The person should have great communication skills, as they’ll need to interact with IT, as well as various types of end-users. Reporting to management or even the C-suite may bed required. You’ll need to communicate with various layers in the hierarchy, too. Say that you’re at a university: chances are that a PI doesn’t know or care about whole slide imaging, but that a number of students in the lab would indeed benefit from the technology. This requires certain diplomatic skills at time.

Let’s call the person that can do the above job the “digital pathology manager”.

There’s no well established job profile for a digital pathology manager yet. Yet I held this position myself for three years at the Vrije Universiteit Brussel. To be perfectly honest: this wasn’t a job title given to me. I picked it myself as it seemed fitting.

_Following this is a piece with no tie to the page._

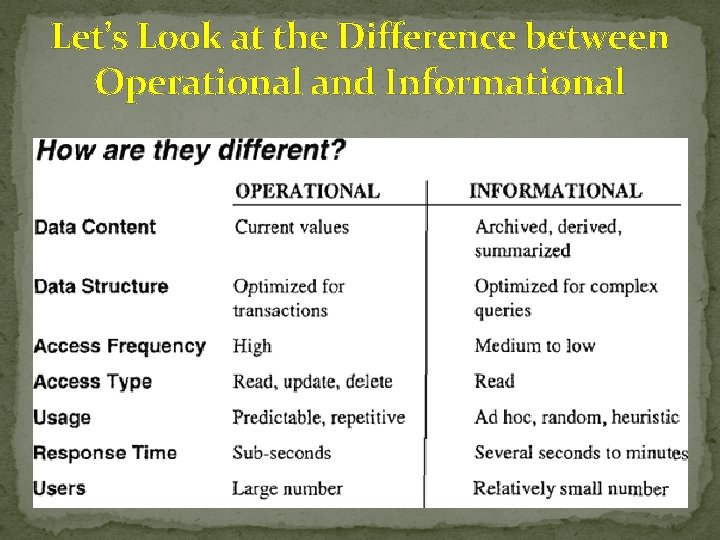 Let’s Look at the Difference between Operational and Informational Let’s Look at the Difference between Operational and Informational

In retrospect, I think it was. The university had bought a scanner, and was looking for use cases and scenarios to fit it into. They were ready to embark on the digital pathology journey!

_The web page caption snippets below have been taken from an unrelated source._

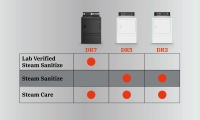 DR Series Sanitizing
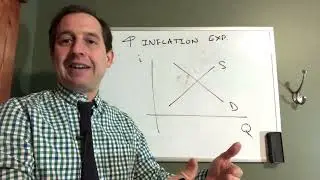 The Effect of an Increase in Inflation Expectations on Interest Rates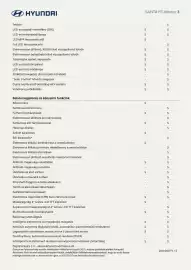 Hyundai akciós újság | Santa Fe MY25 Oldal 3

Responsibilities of the digital pathology manager

So here’s a list of tasks and responsibilities that I think fall under the responsibility of a digital pathology manager, and that may be included in a job ad:

  • Support digital pathology users
    • Teach techniques
    • Think about “best pracices”
  • Reporting
    • user trends
    • rate of adaptation
  • Maintain internal portal websites
    • Be vigilant about mobile digital pathology
      • It’s not because you CAN that you SHOULD
  • Support educational activities
    • Histology / pathology / microscopy
    • Digital pathology as a training and certification tool
  • Establish collaborations with external and international partners
  • Present the home institute or organization as a center of competence in digital pathology
    • representation at digital pathology conferences
    • lecture at conferences and other institutes (invited talks)
    • be an ambassador for digital pathology at events that are not necessarily DP-focused
      • like bioinformatics, image processing, or pathology)
    • supervise the publication of non-scientific content about digital pathology
      • e.g. through a blog or industry publication
    • keep an eye out for the possibility to (co)author scientific publications
    • organize workshops about digital pathology

I should point out that my function was at a public university. Depending on whether you work at a research institute, a company, or a hospital, accents on different aspect of the job can be expected to vary.

Finding your own

Why did I actually feel the need to post this?

I think that many job ads out there today don’t reflect what an organization actually needs to establish a successful digital pathology program. Many job ads ask for combined MD/PhD degrees, with experience in research as well as the clinic, and possibly have experience with digital pathology already.

Sure, you’ll need some background, and probably a substantial one. But do you really need two doctorate-level degrees? Why not throw in an MBA as well?

I find many of these ads go look for the proverbial five-legged sheep, and are therefore unlikely to find these.

Instead, focus on what you actually want to accomplish. Do you have a concrete scenario in mind already? Or are you still at an exploration phase? Do you have your (internal) customers lining up? Or are most people unaware that you have this technology now (or do they just not care)?

Digital pathology is still new and you will not find people that come from targeted degree programs.  I think the hiring challenge for digital pathology customers should start from making a list of responsibilities. Search and you will find.